Mountaineer fans are also looking forward to seeing what Smith can do on the field with the football in his hands. The Wichita, Kan., resident came to WVU last winter with impressive credentials as one of the top-rated junior college running backs in the country, gaining nearly 1,000 yards while scoring 17 touchdowns at JUCO power Butler Community College.
Smith had a host of schools after him before choosing WVU.
“It was a good conference and Butler is known for a winning tradition,” Smith said. “A lot of guys that I played against that didn’t make Division I because of grades or decided to go JUCO first to get them prepared for Division I schools … the guys I played against were actually about the same size as the guys I am playing against here. It was a good help for me to actually go there.”
Prior to Butler, Smith also spent a season at Garden City Community College in Garden City, Kan., after a standout prep career at Wichita Heights High where he ran for more than 3,000 career yards and was considered one of the top players in the state. Smith originally committed to Turner Gill and Kansas coming out of high school before opting to go the JUCO route to improve his stock, which ultimately led to his decision to come to Morgantown, W.Va.
“Out of high school you get caught up in, on my God, first offer; but I wanted to take my time in the next recruiting process,” Smith said. “I just wanted a new experience in life and I kind of wanted to get away from home for a little bit. Coming out here was the best thing that could have happened for me playing for a great coach - great players; great strength staff.”
Smith said he knew a lot about Holgorsen when the coach was still at Oklahoma State, and he was always interested in playing in Holgorsen’s up-tempo offense.
“Oh yeah, I knew him from Oklahoma State,” he said. “They offered me there when he was actually leaving and I liked that offense. I know it’s not just a passing offense. He gets you carries.
“I’ve always been a fan of the spread; pistol backfield,” he continued. “You get to see more on the field - look and see where everybody is at on the defense and whatever is going to happen in that offense is going to happen.”
Which is typically a lot. Smith saw what Holgorsen was able to do with a dynamic playmaker like Tavon Austin last season at WVU and he knows Holgorsen has a proven track record of getting his best players the football in space.
“If he sees it in you he’s going to get you the ball,” explained Smith. “If you can transition to receiver he’s going to put you at receiver or he’s going to put you at running back. I just know everybody is going to get a chance to play the position. We’re just focused on the position that we’re playing.”
In a running back room that now includes five quality players, Smith says each guy brings a little something different to the table. Dustin Garrison
and Andrew Buie
can slash and make people miss in the open field; Wendell Smallwood
and Sims are one-cut-and-go type runners while Smith says he has the size at 217 pounds to get those tough yards between the tackles.

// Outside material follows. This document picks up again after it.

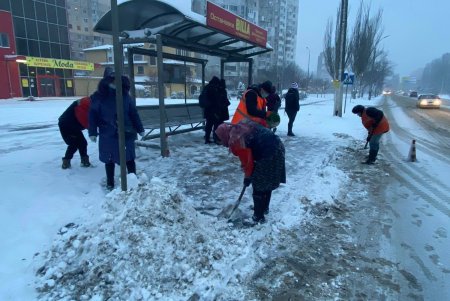 Одессу засыпало снегом: коммунальные службы работают в усиленном режиме (фоторепортаж)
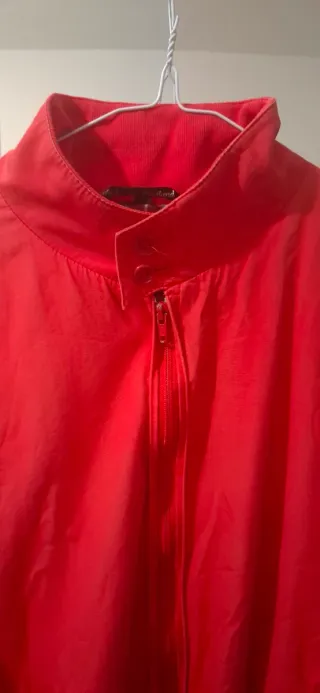 Chaqueta Baracuta Roja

“We’ve got Dustin Garrison
who can get around the edge real fast and he’s got his confidence back like he had his freshman year. Charles Sims
, when he gets the ball, he has a burst that really none of us have,” Smith explained. “He’s really a dynamic player, and, of course, Andrew Buie
can make any guy miss in the open field. And me, I can get those extra yards when we need them when it’s third and short and you need those couple of yards.”
Although Smith got plenty of work last spring, he admits he’s a different back now after six months in the program.
“I guess I read defenses a little better instead of just getting the ball and looking for somewhere to run,” he said. “I actually see where everybody is flowing instead of just looking for an open gap, hitting it and go.”
As for the impending battle for the top spot on the depth chart this fall, Smith said whatever comes of it will only make the team better.
“If one gets tired we have another guy who can come in and he can take over and make a big play,” he said. “We’ve got so many players on this offense that can make big plays.”